ETH Gas Limit Issues and probable solution

By Satan19 | Stunning Research | 1 Sep 2020

ETH Gas Limit Issues:


If you were to carry out certain transaction in Ethereum blockchain, you’d have to pay certain amount that covers the cost of computing for your transaction, which is known as paying gas. Problem with this system is that there’s no way to predetermine how much computation is required so you need to enter a gas limit for your transactions.


Before a transaction you will set the gas amount and gas limit that you are willing to pay. In simplified term it’s the payment for the miner processing your transaction you’d like them to have. Now if you set too low gas limit the probability of executing your transaction decreases as your gas may run out and if that happens you will have to resubmit it, costing more gas fees.


The solution:


UNIFI presents THE NITROUS LAYER works by burning the coin or token on one chain and using the proof of burn to mint tokens on a new chain, allowing coins to quickly and easily move across different blockchains.

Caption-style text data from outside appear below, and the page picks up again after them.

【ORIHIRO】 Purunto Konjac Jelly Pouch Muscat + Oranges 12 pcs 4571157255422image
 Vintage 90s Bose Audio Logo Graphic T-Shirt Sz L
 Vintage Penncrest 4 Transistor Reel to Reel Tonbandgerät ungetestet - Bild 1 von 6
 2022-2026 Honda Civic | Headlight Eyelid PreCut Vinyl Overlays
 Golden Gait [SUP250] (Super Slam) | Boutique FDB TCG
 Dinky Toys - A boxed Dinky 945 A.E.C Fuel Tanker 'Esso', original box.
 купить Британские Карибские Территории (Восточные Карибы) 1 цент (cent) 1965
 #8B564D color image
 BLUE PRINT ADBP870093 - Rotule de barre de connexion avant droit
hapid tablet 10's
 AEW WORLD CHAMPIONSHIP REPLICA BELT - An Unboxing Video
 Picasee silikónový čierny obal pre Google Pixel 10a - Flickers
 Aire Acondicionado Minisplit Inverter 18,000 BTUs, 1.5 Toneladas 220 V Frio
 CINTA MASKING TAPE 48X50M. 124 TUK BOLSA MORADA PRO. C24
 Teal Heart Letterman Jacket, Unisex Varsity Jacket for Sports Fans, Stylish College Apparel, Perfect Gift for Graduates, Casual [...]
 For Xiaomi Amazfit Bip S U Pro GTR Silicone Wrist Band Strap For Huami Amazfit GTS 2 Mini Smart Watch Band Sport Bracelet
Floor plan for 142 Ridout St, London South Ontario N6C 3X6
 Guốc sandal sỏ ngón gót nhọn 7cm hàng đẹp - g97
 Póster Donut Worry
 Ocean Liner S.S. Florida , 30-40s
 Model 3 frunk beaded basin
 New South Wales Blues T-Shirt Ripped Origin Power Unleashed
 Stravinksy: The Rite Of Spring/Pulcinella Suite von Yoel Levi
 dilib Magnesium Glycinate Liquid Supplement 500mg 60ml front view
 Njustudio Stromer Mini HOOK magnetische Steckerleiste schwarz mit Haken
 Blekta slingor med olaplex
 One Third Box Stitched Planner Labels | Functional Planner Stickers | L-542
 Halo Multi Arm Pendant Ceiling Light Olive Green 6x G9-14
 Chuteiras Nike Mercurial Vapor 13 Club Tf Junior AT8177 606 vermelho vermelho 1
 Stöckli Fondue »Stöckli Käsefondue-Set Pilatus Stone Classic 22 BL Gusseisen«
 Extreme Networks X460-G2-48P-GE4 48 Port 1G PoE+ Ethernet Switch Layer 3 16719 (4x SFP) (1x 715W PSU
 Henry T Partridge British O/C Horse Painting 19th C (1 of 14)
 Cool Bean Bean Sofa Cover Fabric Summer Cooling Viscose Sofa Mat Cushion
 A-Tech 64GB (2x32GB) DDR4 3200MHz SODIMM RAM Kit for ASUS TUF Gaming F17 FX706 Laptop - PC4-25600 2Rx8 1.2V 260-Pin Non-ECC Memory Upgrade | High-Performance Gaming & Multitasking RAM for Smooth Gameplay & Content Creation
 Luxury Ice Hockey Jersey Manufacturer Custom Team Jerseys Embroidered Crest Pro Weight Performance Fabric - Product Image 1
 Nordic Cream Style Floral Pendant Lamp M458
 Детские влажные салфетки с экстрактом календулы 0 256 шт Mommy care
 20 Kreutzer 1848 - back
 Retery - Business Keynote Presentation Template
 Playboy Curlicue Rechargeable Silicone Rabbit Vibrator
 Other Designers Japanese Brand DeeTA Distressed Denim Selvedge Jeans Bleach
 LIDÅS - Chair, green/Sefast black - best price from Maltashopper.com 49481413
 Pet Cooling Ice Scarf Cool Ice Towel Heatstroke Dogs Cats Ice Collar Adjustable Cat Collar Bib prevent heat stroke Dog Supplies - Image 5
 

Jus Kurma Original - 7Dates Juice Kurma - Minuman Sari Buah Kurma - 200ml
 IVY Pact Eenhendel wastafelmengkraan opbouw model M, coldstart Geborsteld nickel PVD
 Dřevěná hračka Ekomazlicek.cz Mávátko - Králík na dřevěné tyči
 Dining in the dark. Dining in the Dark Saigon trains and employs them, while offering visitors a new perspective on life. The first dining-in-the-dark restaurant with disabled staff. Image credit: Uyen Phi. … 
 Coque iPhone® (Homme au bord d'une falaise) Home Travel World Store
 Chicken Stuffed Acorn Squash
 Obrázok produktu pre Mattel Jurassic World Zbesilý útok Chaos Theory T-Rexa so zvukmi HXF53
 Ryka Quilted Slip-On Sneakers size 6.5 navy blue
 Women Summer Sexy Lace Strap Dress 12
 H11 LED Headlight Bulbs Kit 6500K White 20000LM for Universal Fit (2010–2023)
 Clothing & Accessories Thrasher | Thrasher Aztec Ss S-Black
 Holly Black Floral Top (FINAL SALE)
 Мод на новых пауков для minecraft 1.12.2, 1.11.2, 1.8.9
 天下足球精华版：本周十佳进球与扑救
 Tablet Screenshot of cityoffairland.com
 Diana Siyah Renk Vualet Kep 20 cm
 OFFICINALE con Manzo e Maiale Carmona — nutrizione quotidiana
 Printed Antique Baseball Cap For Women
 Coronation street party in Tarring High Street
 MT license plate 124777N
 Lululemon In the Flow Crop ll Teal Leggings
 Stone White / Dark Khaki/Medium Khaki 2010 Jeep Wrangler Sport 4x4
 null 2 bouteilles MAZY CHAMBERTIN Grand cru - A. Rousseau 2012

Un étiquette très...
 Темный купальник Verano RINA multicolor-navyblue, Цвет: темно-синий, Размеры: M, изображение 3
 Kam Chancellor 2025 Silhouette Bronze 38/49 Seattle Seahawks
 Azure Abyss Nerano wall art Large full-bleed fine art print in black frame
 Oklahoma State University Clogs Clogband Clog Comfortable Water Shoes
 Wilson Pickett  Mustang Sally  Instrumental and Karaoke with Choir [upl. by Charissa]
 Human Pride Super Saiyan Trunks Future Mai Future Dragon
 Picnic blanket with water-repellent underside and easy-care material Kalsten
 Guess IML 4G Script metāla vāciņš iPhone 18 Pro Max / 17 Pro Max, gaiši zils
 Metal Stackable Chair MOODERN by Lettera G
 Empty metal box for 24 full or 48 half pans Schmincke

The coins on expensive or congested blockchains can allow UNIFI or the other linked blockchains to process their transactions for them, which provides a faster and cheaper experience for end-users.


ETH Gas limit issues (plague of crypto industry) can be solved effectively by submitting the proof of burn to mint tokens on a new chain allowing the faster and cheaper movements of coins across various blockchains, and we are excited to welcome THE NITROUS LAYER in the industry.